Presented to the Unitarian Universalist Fellowship of Huntington

October 16, 2005

Rev. Paul Ratzlaff

 

Should we add the phrase “religious humanism” to the pile of oxymorons that includes “jumbo shrimp,” “accurate horoscope,” “a little pregnant,” “adult children” or “adult male”?  That’s the question that Marty Lipnick has asked me to address.  He outbid the rest at last year’s service auction to purchase the opportunity to “name a sermon.”  He asked me to address the question, “Religious Humanism – an oxymoron?”

As in so many other things UU, the definitive answer (another oxymoron? A “definitive answer” in Unitarian Universalism?) is this: “It depends…”  It depends on how you define the terms “humanism” and “religious.”

I would note that some of us get quite persnickety about our definitions.  We presume our definition is the one and only definition, and scoff at anyone who uses the words differently.  In spite of our self-proclaimed open-mindedness, some of us can be scathing if another uses a word in a way that we don’t approve of.

If we take our mission to pursue intellectual growth seriously, I suggest another approach to words.  A colleague talked of her congregation’s use of words this way.  She said, “here we use words as tools, not dogma.”  Today in this exploration of “religious humanism,” I invite us to use our words as “tools, not dogma.”

Start with “humanism.”  That word has been used in many different ways.  In this Fellowship context, “humanism” is often presumed to oppose “theism,” that is, if you claim the label “humanist,” others assume that you do not believe in any kind of God, or, at best, are agnostic.  However, in the larger world, humanism is much more encompassing.  It includes leading thinkers who call themselves “Christian Humanists.”  You may be tempted to huff and puff, “you can’t be a Christian and call yourself a humanist!”  But all that response tells me, is that you haven’t begun to understand how the other person is using her or his words.  Words are tools, not dogma.

Remember that historically humanism flourished with the Italian Renaissance and then spread throughout Europe.  Several key themes typified the movement.  The humanists emphasized freedom, not in the sense of standing outside of community, but in the human ability to shape and create community.  In the medieval view, the world was given.  To the humanist the world is still to be shaped and improved.

A second theme was naturalism in the sense that the human was understood as part of nature.  Think of the Renaissance artists with their love of painting things as they appear, not by some theological symbolism.

A third theme was reason.  Using one’s mind to investigate anything and everything was encouraged.  Clearly these themes of freedom, reason and naturalism interrelate.  Nothing human is alien to the mind’s curiousity.  This contrasted with the earlier presumption that everything was revealed once and for all, and that one had to obey the church fathers, who had a more direct connection to the source.  All of this laid the groundwork for the modern sciences, which based their knowledge on reasoned observation, rather than scripture or church teaching.

As I said, here at UUFH, people often use the word “humanism” in opposition to religion.  But looking back into history, it’s more complicated.  Listen to an early humanist, Leonardo Bruni: “Does St.

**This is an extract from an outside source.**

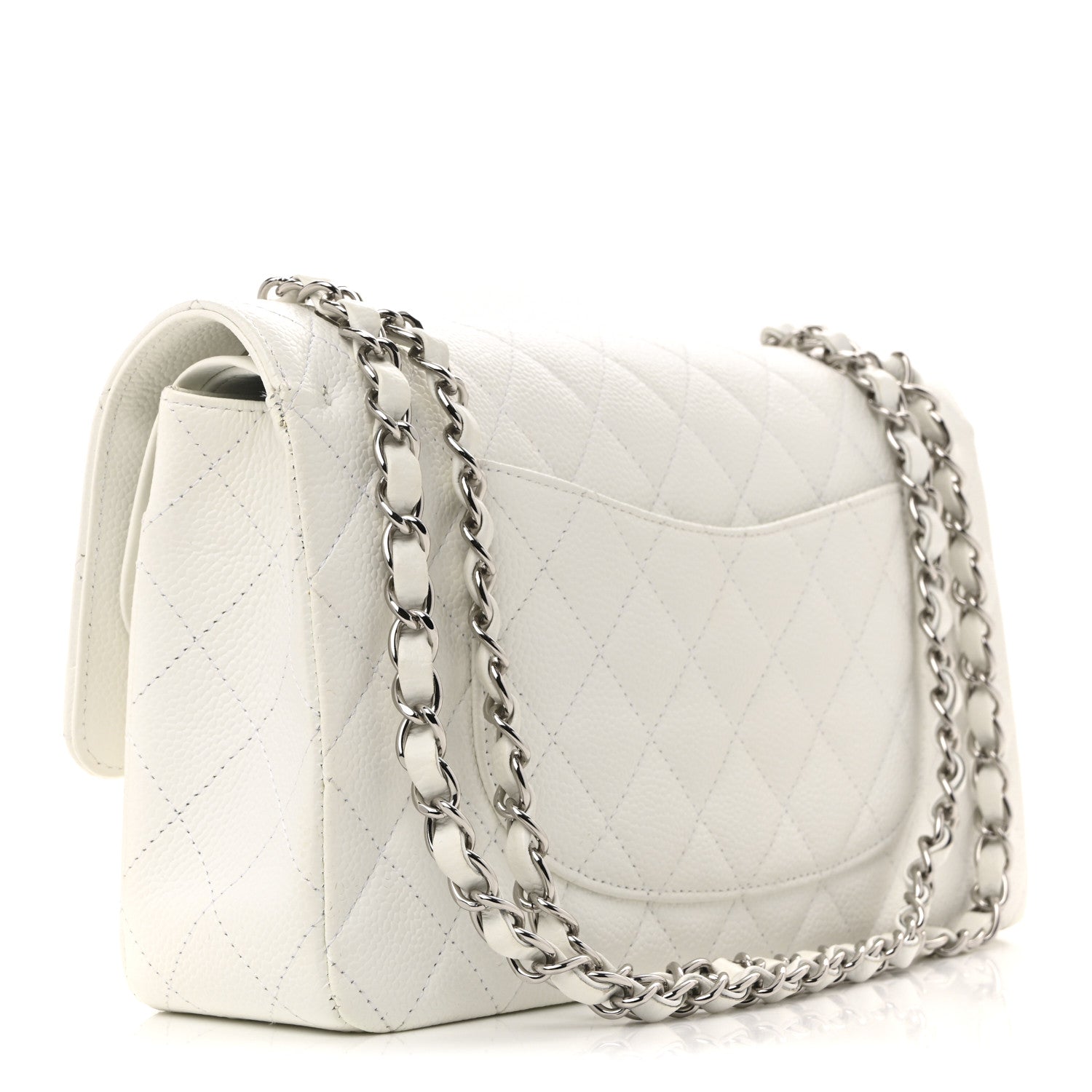 Chanel Caviar Quilted Medium Double Flap White 3 of 15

Paul teach something more than Plato taught?”  The implied answer is “no!”  In a summary in the article on “Humanism” in the Encyclopedia of Philosophy, (Volume 4, 72) “Christianity simply brought to fulfillment the wisdom that ancient philosophy had elaborated, because reason, which had supported and guided this philosophy, is the same which became incarnate in the Word.  These concepts were clearly expressed in Marsilio Ficino’s De Christiana Religione.”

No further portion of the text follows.